***** Given data *****
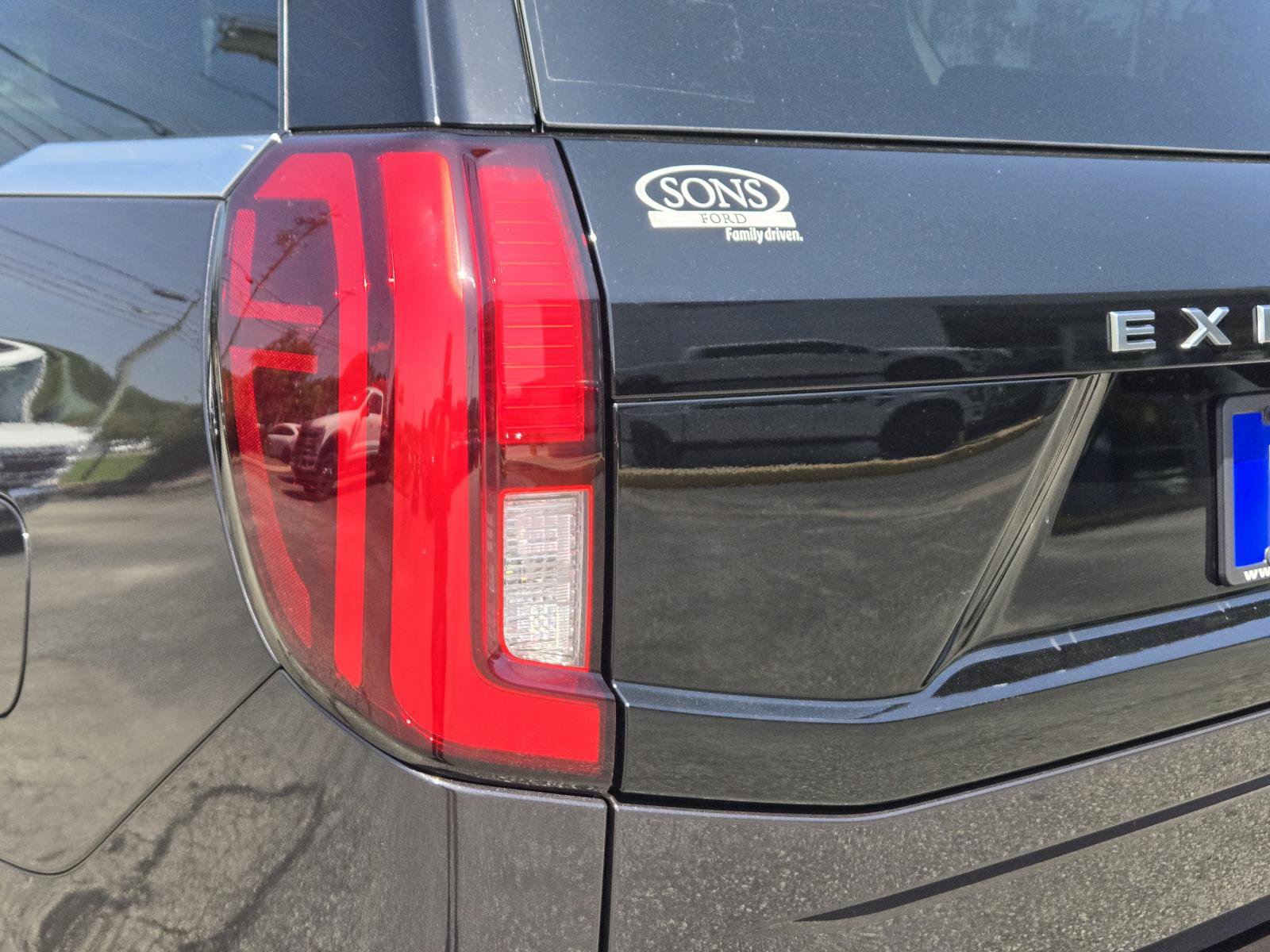 New 2027 Ford Expedition Active RWD image 10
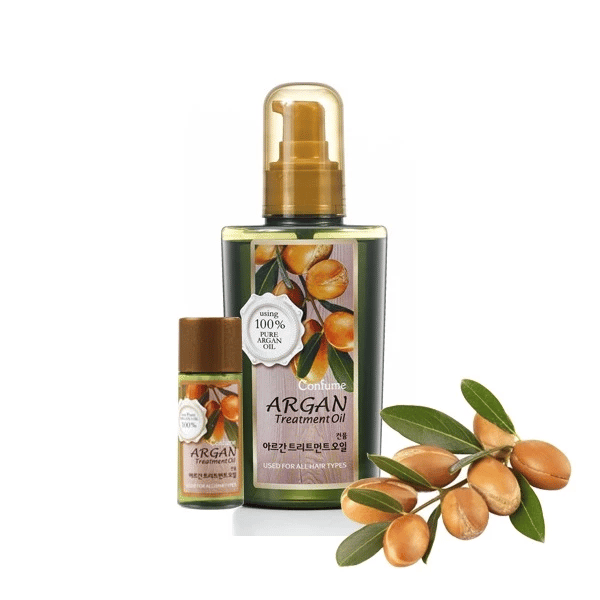 Argan Treatment Oil, 120ml+25ml, 1pack - Image 2
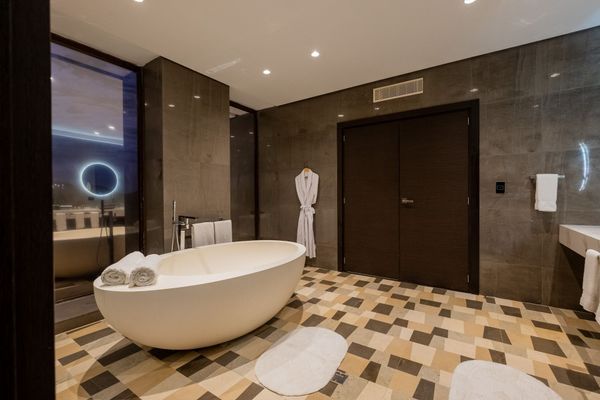 Suite Presidencial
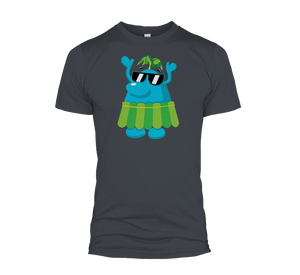 Shrug Enthusiast Tee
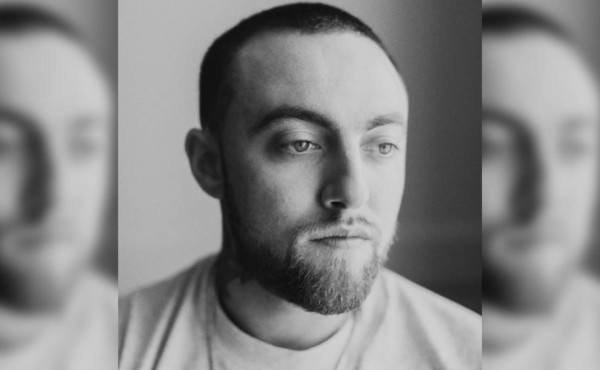 Se tatúa el rostro en honor a Mac Miller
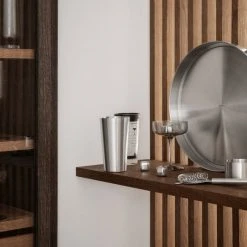 FUUM Champagne Saucer Glasses - 10 Ounce - Set Of 4 Dining Together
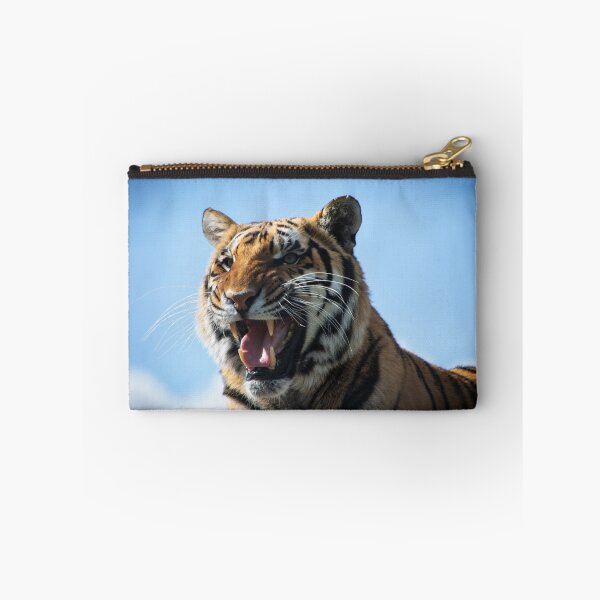 Item preview, Snarling Tiger designed and sold by LauraKCaldPhoto.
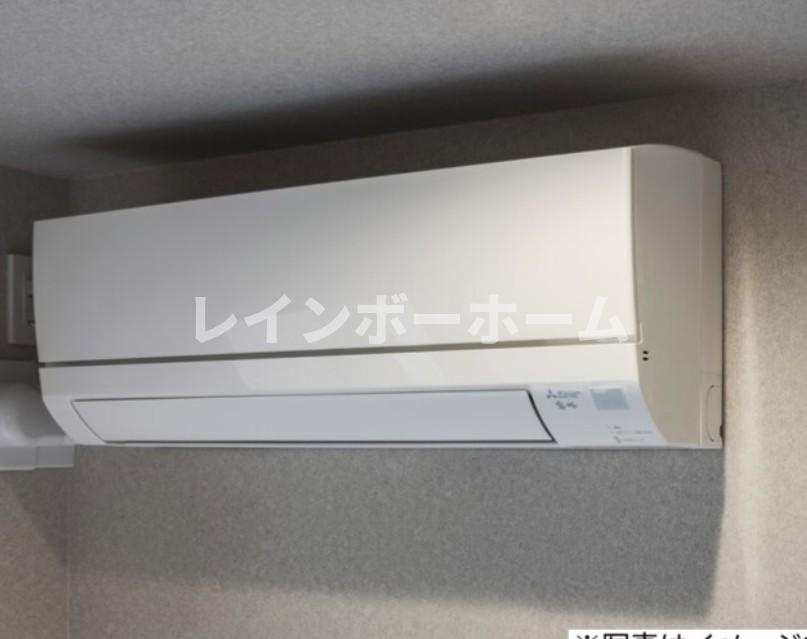 robot home原木中山の設備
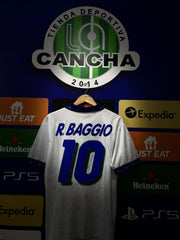 CAMISETA ITALIA RETRO VISITANTE 1993/1994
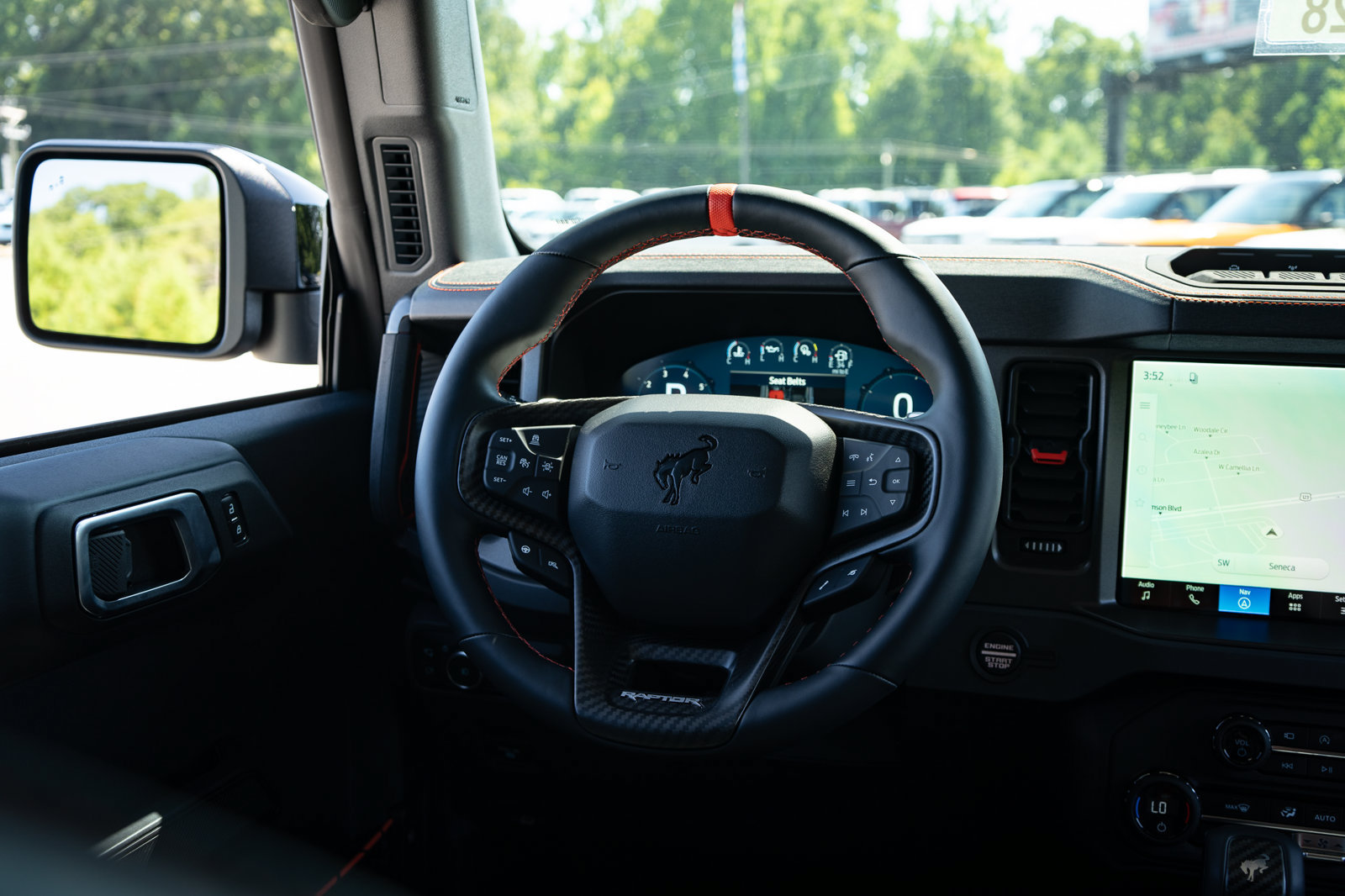 New 2026 Ford Bronco Raptor AWD/4WD image 43
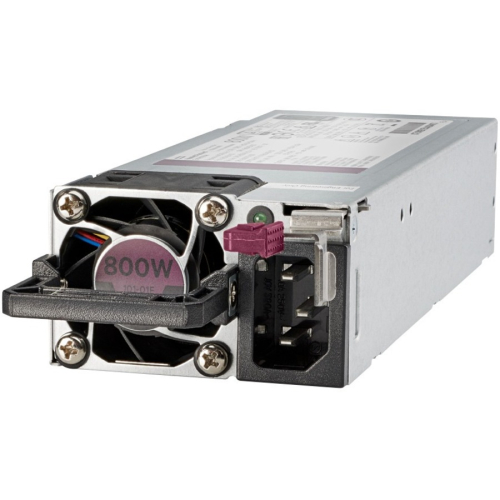 Блок питания HPE Hot Plug Flex Slot Platinum 800W (для Gen10+) (P38995-B21)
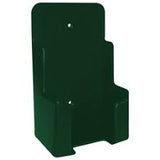 Salt lick plastic holder green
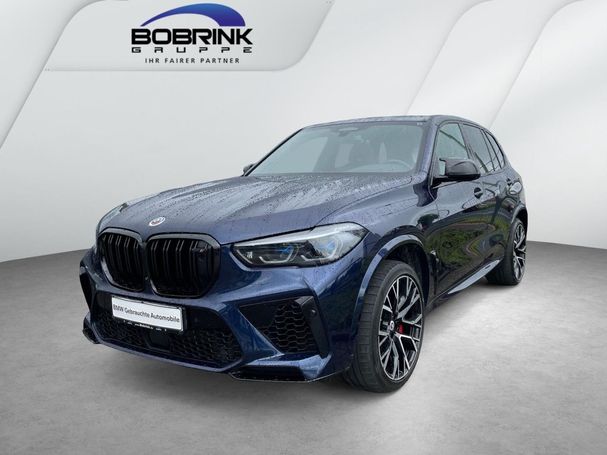 BMW X5 M Competition xDrive 460 kW image number 1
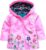 Arshiner Girl Baby Kid Waterproof Hooded Coat Jacket Outwear Raincoat Hoodies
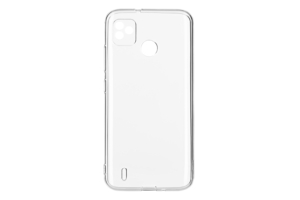 Чехол 2Е Basic для TECNO POP 5 (BD2p), Crystal, Transparent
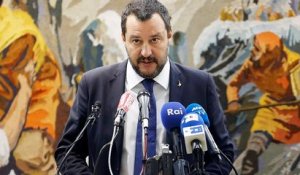Immigration : Salvini en Tunisie veut bloquer les départs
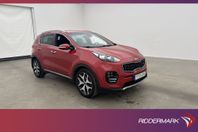 Kia Sportage 1.6 T-GDI AWD GT-Line Skinn JBL Kamera Rattvärm
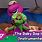 Barney Bop Hop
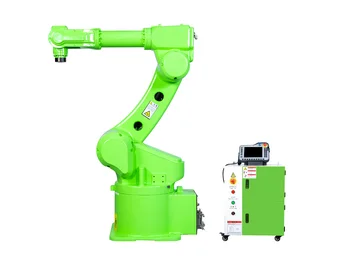 SZGH sıcak satış endüstriyel parlatma taşlama robot kol makinesi metal parça yüzey parlatma için
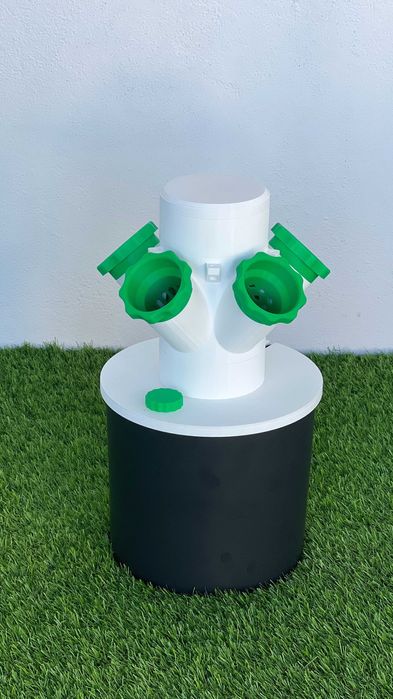 Wieża Hydroponiczna Shopollo - Zestaw Startowy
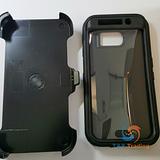 Samsung Galaxy S6 Edge - Fashion Defender Case with Belt Clip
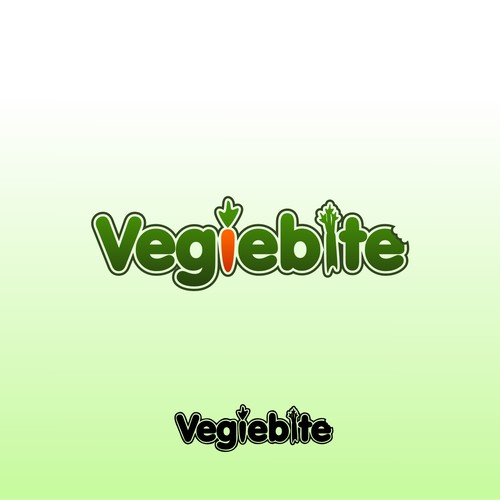 Logo for Vegiebite
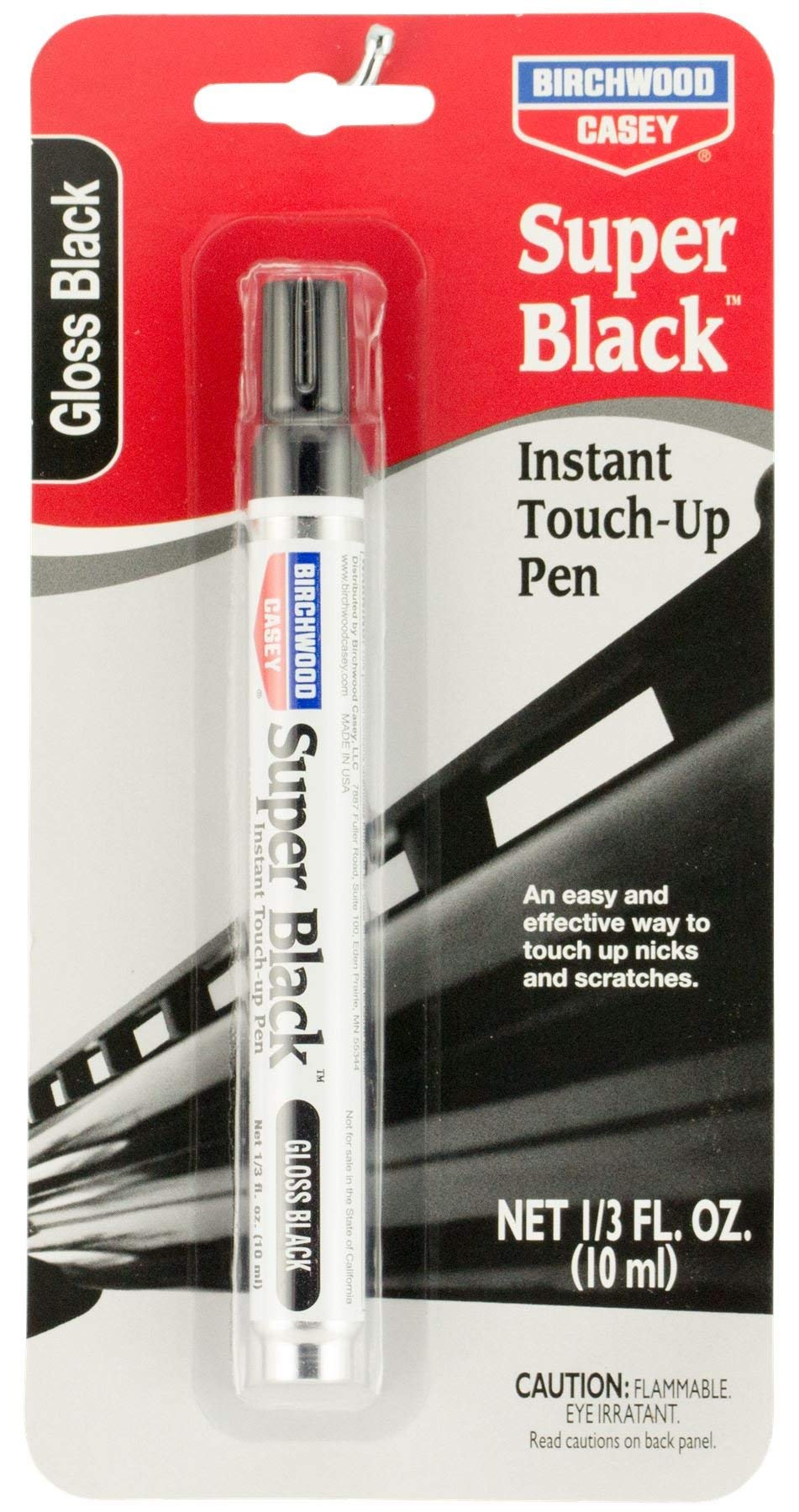 Birchwood Casey Touch-Up Pen packaging front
*****
While leaving pictures out, reproduce exactly the lines from the beginning of the listing above through the line containing "CAMISETA ITALIA RETRO VISITANTE 1993/1994", both ends included.

 New 2027 Ford Expedition Active RWD image 10
 Argan Treatment Oil, 120ml+25ml, 1pack - Image 2
 Suite Presidencial
 Shrug Enthusiast Tee
 Se tatúa el rostro en honor a Mac Miller
 FUUM Champagne Saucer Glasses - 10 Ounce - Set Of 4 Dining Together
 Item preview, Snarling Tiger designed and sold by LauraKCaldPhoto.
 robot home原木中山の設備
 CAMISETA ITALIA RETRO VISITANTE 1993/1994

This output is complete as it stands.